> _INSTRUCTIONS TO FOLLOW_
For this exercise, retype all the data exactly and exclude every image.

> _DATASET CONTENT_

%%

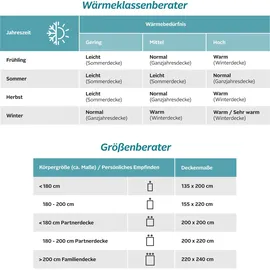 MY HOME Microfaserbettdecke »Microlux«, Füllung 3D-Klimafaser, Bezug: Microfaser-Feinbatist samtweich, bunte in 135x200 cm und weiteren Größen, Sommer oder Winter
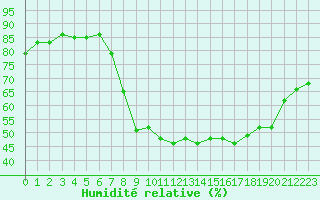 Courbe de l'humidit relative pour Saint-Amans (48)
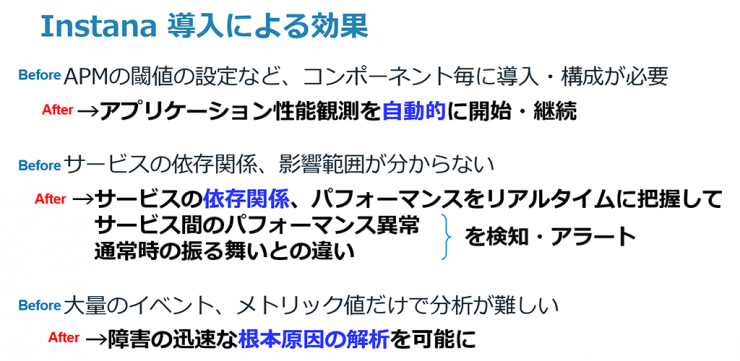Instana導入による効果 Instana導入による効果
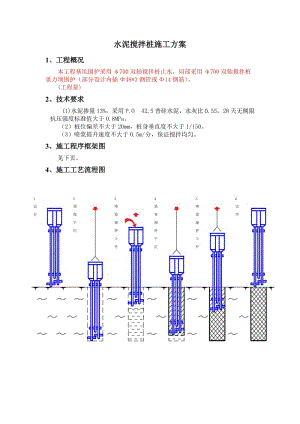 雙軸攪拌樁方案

%%

> _ANSWER TO THE EXERCISE_
 MY HOME Microfaserbettdecke »Microlux«, Füllung 3D-Klimafaser, Bezug: Microfaser-Feinbatist samtweich, bunte in 135x200 cm und weiteren Größen, Sommer oder Winter
 Courbe de l'humidit relative pour Saint-Amans (48)
Instana導入による効果 Instana導入による効果
 雙軸攪拌樁方案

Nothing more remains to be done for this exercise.